(Excerpted records)
<<<<

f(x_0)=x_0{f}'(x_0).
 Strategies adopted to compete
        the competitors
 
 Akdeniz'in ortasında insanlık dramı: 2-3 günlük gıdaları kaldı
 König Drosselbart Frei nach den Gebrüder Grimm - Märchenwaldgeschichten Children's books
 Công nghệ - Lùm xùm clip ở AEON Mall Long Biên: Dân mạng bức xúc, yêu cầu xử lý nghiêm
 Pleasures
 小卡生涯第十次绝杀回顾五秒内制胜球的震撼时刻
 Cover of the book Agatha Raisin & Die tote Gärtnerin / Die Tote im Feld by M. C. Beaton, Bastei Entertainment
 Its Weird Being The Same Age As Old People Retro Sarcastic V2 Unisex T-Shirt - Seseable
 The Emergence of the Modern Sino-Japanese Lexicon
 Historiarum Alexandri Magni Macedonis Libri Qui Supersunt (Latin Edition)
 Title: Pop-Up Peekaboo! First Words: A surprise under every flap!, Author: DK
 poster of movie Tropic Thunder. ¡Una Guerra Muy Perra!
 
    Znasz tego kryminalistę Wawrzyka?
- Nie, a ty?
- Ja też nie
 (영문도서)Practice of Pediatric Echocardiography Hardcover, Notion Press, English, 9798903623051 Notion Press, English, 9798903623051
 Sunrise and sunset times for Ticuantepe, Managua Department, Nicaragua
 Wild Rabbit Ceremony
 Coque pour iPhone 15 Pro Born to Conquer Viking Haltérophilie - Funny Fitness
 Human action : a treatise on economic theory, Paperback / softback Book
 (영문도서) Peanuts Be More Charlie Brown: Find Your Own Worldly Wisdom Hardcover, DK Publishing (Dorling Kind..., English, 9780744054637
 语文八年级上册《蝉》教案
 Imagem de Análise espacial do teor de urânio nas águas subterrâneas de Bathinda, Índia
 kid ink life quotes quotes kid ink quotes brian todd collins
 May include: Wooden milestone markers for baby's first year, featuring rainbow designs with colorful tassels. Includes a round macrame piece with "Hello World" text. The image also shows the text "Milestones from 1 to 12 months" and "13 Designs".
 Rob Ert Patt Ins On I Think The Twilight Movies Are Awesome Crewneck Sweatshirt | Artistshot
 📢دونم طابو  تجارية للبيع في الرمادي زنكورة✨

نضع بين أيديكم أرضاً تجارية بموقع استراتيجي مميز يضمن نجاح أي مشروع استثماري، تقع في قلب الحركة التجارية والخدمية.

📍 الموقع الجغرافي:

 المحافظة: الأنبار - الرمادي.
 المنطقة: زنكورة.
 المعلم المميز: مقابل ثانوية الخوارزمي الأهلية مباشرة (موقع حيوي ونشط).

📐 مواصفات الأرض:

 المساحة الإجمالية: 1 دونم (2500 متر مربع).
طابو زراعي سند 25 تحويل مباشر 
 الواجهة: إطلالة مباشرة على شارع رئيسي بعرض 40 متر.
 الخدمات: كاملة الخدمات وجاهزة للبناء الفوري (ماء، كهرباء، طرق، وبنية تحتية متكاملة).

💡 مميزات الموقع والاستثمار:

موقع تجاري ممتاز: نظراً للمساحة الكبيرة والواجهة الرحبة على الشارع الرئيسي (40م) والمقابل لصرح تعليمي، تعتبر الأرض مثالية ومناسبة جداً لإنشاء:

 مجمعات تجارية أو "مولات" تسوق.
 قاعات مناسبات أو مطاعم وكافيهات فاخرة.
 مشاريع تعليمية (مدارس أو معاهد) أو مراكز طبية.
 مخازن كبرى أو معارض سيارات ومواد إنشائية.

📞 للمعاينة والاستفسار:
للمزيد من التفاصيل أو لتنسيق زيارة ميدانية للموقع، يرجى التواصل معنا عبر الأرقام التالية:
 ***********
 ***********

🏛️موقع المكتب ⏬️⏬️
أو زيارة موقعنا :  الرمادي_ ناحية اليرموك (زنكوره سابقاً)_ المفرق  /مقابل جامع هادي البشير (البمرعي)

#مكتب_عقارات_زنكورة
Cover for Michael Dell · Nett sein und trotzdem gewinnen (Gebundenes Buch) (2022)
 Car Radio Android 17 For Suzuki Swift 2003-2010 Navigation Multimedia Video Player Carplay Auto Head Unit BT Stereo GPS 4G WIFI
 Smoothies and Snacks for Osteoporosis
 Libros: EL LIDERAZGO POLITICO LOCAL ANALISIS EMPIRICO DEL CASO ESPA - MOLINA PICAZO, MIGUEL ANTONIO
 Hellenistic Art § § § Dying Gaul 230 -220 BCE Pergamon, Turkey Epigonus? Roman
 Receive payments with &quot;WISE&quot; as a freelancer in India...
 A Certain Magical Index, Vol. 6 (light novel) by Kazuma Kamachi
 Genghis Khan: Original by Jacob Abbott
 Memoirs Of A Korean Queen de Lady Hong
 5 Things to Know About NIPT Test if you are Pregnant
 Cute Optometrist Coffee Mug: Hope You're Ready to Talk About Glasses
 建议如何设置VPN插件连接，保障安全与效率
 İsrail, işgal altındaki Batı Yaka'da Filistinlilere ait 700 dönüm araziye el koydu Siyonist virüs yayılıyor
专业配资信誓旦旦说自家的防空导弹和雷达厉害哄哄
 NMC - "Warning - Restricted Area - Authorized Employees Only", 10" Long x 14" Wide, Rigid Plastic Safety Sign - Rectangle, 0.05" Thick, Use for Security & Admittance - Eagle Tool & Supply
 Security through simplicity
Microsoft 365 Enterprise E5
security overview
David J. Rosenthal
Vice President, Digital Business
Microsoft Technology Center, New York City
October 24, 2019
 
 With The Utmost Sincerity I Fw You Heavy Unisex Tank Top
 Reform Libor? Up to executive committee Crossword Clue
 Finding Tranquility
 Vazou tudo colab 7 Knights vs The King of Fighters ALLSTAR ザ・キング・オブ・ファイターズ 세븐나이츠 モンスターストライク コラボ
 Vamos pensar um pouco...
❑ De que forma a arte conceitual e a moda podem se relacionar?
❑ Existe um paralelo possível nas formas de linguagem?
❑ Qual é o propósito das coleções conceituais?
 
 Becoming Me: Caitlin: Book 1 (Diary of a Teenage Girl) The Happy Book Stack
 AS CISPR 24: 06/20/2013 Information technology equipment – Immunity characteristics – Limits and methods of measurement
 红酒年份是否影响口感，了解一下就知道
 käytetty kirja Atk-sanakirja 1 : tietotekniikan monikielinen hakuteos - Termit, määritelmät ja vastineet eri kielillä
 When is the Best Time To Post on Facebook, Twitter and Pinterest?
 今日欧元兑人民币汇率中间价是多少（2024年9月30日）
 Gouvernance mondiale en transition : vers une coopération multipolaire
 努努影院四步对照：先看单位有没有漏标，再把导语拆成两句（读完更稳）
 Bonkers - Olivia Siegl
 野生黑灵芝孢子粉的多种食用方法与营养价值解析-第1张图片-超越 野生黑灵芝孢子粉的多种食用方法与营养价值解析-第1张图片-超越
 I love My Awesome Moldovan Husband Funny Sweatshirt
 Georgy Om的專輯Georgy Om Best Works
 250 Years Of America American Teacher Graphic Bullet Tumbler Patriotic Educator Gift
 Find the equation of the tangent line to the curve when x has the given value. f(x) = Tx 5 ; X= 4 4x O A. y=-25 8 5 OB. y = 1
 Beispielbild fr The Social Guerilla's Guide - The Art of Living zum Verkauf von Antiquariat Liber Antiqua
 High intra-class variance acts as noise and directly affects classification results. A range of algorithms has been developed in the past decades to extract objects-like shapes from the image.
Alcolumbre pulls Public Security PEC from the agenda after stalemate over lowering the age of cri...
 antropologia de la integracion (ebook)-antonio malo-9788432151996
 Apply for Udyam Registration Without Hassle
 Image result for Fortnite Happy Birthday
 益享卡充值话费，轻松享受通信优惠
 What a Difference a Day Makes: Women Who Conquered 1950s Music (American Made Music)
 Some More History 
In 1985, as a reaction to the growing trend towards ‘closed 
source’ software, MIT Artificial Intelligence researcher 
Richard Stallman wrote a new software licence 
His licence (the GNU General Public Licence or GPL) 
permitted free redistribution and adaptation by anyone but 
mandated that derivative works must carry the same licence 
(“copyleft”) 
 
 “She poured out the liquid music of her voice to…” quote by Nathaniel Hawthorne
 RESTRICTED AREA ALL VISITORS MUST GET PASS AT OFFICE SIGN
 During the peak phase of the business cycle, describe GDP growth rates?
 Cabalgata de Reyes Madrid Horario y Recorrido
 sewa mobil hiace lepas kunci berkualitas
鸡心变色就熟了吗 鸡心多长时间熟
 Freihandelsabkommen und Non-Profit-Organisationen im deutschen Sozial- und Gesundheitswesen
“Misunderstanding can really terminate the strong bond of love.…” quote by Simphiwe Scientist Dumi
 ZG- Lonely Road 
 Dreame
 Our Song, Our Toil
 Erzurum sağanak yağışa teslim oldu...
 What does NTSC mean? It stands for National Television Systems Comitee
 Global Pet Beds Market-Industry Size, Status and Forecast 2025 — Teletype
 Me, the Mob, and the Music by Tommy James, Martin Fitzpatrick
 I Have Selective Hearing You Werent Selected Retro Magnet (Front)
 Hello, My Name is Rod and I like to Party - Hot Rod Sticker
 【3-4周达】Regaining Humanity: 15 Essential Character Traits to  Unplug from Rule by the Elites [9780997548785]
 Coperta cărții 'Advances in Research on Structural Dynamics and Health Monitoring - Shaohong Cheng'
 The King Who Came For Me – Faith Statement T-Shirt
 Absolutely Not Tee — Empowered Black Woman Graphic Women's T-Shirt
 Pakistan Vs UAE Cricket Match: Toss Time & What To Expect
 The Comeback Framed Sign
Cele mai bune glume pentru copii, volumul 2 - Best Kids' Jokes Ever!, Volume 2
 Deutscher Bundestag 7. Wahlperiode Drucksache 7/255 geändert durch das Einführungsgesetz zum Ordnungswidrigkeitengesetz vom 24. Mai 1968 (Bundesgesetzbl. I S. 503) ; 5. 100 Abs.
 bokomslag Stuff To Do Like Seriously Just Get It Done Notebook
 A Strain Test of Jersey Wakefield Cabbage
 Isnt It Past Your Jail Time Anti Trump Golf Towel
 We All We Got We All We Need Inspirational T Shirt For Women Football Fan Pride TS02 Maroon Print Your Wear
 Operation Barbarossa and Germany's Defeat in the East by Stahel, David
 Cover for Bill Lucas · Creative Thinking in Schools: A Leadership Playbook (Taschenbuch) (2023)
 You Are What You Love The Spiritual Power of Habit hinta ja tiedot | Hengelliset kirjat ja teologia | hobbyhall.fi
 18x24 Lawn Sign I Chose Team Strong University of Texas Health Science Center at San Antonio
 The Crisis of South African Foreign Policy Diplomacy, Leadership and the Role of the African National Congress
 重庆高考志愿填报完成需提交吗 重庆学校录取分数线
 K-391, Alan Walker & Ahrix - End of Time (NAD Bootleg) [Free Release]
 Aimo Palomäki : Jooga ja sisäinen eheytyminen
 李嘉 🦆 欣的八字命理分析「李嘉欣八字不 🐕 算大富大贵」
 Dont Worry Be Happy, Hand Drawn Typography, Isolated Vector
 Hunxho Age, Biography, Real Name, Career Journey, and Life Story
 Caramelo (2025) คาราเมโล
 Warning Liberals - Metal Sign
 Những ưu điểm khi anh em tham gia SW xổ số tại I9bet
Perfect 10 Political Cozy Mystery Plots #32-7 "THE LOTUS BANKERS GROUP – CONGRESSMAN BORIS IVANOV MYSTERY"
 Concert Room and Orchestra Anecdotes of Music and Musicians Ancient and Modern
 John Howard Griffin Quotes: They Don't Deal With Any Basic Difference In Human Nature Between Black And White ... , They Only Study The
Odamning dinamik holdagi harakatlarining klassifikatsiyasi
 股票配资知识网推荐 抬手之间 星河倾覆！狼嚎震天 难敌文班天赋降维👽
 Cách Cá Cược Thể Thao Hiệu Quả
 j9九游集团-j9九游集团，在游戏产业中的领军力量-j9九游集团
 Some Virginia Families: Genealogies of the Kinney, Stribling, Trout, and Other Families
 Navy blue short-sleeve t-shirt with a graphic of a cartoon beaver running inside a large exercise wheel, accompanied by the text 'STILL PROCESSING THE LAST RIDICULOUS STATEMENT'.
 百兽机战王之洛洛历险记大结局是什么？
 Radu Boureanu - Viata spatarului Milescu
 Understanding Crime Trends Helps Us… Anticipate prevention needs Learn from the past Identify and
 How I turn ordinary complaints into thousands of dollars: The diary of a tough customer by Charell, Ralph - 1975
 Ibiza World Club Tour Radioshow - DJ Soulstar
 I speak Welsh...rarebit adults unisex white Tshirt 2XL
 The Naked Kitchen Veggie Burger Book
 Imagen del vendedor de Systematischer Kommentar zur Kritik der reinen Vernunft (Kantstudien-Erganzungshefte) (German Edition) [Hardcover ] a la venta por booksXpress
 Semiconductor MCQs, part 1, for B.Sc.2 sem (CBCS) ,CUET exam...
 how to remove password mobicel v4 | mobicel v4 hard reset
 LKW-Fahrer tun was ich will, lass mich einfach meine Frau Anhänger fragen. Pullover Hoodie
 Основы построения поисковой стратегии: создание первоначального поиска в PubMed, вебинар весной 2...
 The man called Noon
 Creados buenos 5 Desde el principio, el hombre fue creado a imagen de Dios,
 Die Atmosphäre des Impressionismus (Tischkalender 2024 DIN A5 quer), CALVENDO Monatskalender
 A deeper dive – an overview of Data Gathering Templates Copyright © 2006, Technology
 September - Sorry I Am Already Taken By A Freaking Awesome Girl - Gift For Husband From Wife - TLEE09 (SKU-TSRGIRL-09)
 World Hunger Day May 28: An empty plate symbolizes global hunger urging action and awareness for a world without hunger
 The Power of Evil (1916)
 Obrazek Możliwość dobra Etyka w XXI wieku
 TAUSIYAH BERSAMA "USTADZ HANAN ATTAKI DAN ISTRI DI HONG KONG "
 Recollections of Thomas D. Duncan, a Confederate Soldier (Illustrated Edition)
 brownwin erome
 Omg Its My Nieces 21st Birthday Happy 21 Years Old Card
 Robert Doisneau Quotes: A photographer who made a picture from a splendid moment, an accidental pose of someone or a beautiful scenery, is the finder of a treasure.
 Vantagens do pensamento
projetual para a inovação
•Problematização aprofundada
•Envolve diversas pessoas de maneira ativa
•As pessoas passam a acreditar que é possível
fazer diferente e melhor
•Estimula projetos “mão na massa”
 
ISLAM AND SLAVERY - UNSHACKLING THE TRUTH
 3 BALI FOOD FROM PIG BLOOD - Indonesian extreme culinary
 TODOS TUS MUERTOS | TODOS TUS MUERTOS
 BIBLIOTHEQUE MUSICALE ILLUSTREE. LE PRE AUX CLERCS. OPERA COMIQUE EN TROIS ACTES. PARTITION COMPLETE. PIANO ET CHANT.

>>>>

(Assigned task) Return, unchanged, the run of lines above that opens with the line containing "股票配资知识网推荐 抬手之间 星河倾覆！狼嚎震天 难敌文班天赋降维👽" and closes with the line containing "HANAN ATTAKI DAN". Include both.

(Exercise response)
 股票配资知识网推荐 抬手之间 星河倾覆！狼嚎震天 难敌文班天赋降维👽
 Cách Cá Cược Thể Thao Hiệu Quả
 j9九游集团-j9九游集团，在游戏产业中的领军力量-j9九游集团
 Some Virginia Families: Genealogies of the Kinney, Stribling, Trout, and Other Families
 Navy blue short-sleeve t-shirt with a graphic of a cartoon beaver running inside a large exercise wheel, accompanied by the text 'STILL PROCESSING THE LAST RIDICULOUS STATEMENT'.
 百兽机战王之洛洛历险记大结局是什么？
 Radu Boureanu - Viata spatarului Milescu
 Understanding Crime Trends Helps Us… Anticipate prevention needs Learn from the past Identify and
 How I turn ordinary complaints into thousands of dollars: The diary of a tough customer by Charell, Ralph - 1975
 Ibiza World Club Tour Radioshow - DJ Soulstar
 I speak Welsh...rarebit adults unisex white Tshirt 2XL
 The Naked Kitchen Veggie Burger Book
 Imagen del vendedor de Systematischer Kommentar zur Kritik der reinen Vernunft (Kantstudien-Erganzungshefte) (German Edition) [Hardcover ] a la venta por booksXpress
 Semiconductor MCQs, part 1, for B.Sc.2 sem (CBCS) ,CUET exam...
 how to remove password mobicel v4 | mobicel v4 hard reset
 LKW-Fahrer tun was ich will, lass mich einfach meine Frau Anhänger fragen. Pullover Hoodie
 Основы построения поисковой стратегии: создание первоначального поиска в PubMed, вебинар весной 2...
 The man called Noon
 Creados buenos 5 Desde el principio, el hombre fue creado a imagen de Dios,
 Die Atmosphäre des Impressionismus (Tischkalender 2024 DIN A5 quer), CALVENDO Monatskalender
 A deeper dive – an overview of Data Gathering Templates Copyright © 2006, Technology
 September - Sorry I Am Already Taken By A Freaking Awesome Girl - Gift For Husband From Wife - TLEE09 (SKU-TSRGIRL-09)
 World Hunger Day May 28: An empty plate symbolizes global hunger urging action and awareness for a world without hunger
 The Power of Evil (1916)
 Obrazek Możliwość dobra Etyka w XXI wieku
 TAUSIYAH BERSAMA "USTADZ HANAN ATTAKI DAN ISTRI DI HONG KONG "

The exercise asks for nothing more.